Originally Posted by cchrissyy
I think this article explains it well:
" I've learned that today's young parents are under so much
pressure to not only send their kids to preschool at age 3, but to
start preparing them ("readiness") even earlier than 3 that they
feel they must call themselves homeschoolers so people won't think
their little ones aren't being educated."
This article bummed me out on several levels that I consider relevant to the present discussion and the present forum. Let me say, as background, that I would have sent my child to preschool just before age 3 not because it's what's done, or because I was concerned that she'd fall behind other kids (I'm far too cocky for that
), but because I believed in it. I used to be into Montessori, which is just one of many deeply thought out methods of early childhood education. Even the standard "high quality" non-academic nursery school is not well characterized as "just play play play" (a phrase I often read). It is a prepared environment with self-conscious facilitators, and it's the product of deep thought and research over many generations.

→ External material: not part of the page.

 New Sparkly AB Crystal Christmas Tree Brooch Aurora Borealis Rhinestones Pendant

When I went through my mini-preschool crisis, I reached life-altering conclusions about education and became a committed unschooler. Contra Barbara Frank, not only don't I believe that my child needs a formal program at age 5, I don't believe that she needs one, ever, unless she chooses it for herself.

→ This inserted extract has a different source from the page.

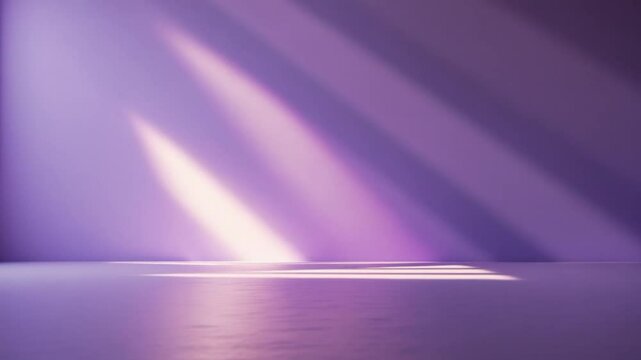 Vibrant lilac background with shadows for product display. Highlight your item with soft focus lighting. Cozy golden light backdrop. Studio arrangement for showcasing and ecommerce presentation.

What strikes me about anti-preschool rhetoric is how patronizing a lot of it sounds. And not just to those misguided young parents. Barbara Frank does not appear to think with the mind of a child. What's a "lazy" afternoon at the park, again? I guess I lost it in my 4-year-old's furious dash from one physical and mental challenge to the next: climbing, running, jumping, playing ball, socializing, experimenting with the water fountain, examining the plants and animals, asking about the grounds equipment and other people's customs and motivations and what causes the weather. Why finger paint specifically, instead of using brushes? My 16-month-old can do both with tempera paint, and she also experiments with other ways of applying paint: pouring, dripping, tossing. She is engrossed in the visual and textural aspects of what she is perceiving and creating. It drives me crazy when I hear people making what young children do sound little and cute: "just" play, nothing serious. That kind of language is completely adult-centered. Sure, to us, it might feel lazy to stay at the park instead of getting home and working, and it might look cute to play with dolls. But the child is doing the child's work, and while it is joyous and ebulliant and motivated by a wonderful sense of humor, there is nothing in the world more serious!

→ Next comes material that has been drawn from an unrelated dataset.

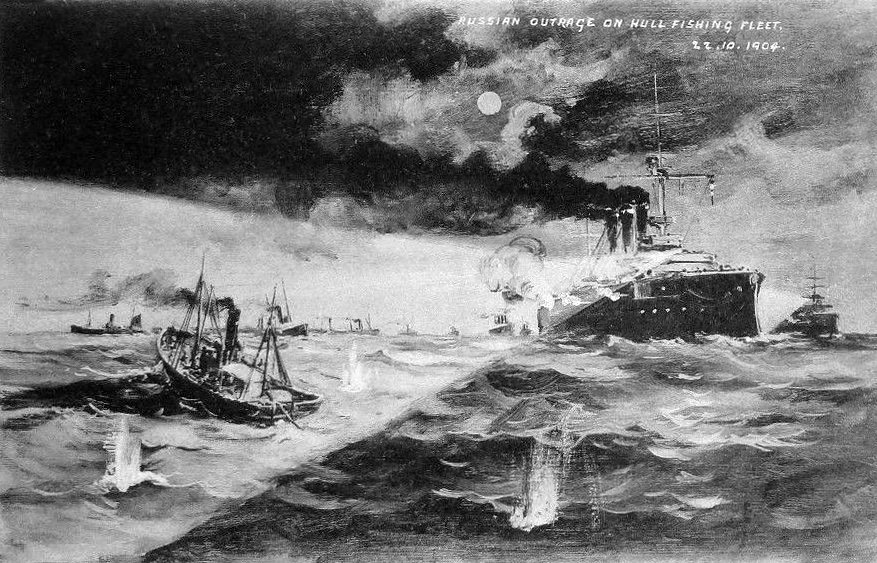 Contemporary illustrated postcard showing Russian warships firing among British fishing boats at night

Telling parents to "just play" with their kids is doing them a huge disservice. It implies that no special thought is required, anyone can just intuitively provide everything a young child needs. That's not true at all. For example, many of us were raised in such a way that our kneejerk response might be to discourage a 16-month-old from "misusing" paint, or to think that a 16-month-old was too young to benefit from painting, or that it was all too much mess and trouble. Many of us were raised to value representational art over non-representational, to try to teach young kids how to draw representationally, to make various kinds of comments that stifle creativity. Understanding how children generally relate to art as they grow, forming ourselves in truly observing, appreciating, and responding what they are doing , is incredibly important, and it is by no means intuitive for most parents. I've seen tons of parents parenting intuitively, both as a child and now as a fellow parent, and I can tell you it never looked anything at all like remarking casually that the toddler seemed to be making curved lines on the (heavyweight, 12 x 18") paper with her tempera paint. It looked a lot more like asking the child, who had been struggling with discount tray watercolors on newsprint, "What's that supposed to be?" Maybe some of you travel in more sophisticated circles than I do, but I'm just sayin'.
By the way, at the end of the day, I am by no means saying that kids need a formal program, or that parents who think of their role prior to age 6 in terms that do not
involve phrases like homeschooling, unschooling, early education
are doing them a disservice. AT ALL. I FULLY support whatever rationale people want to use in finding a self-description that feels comfortable for them. However, it really and truly bothers me that I have to wonder, when I take my dd to a homeschooling group event so that she can meet other kids who aren't starting school (unlike EVERY kid in her neighborhood), or when I come on here and consider taking the plunge and posting in an unschooling thread, whether parents of older kids are, like Barbara Frank, feeling "bewildered" and wondering, "What's her hurry?" and speculating on what I must have been conditioned or pressured to think. I just don't get it: Homeschoolers are already a tiny minority. Why create even more exclusion and anxiety for people who are trying to find support and comradery?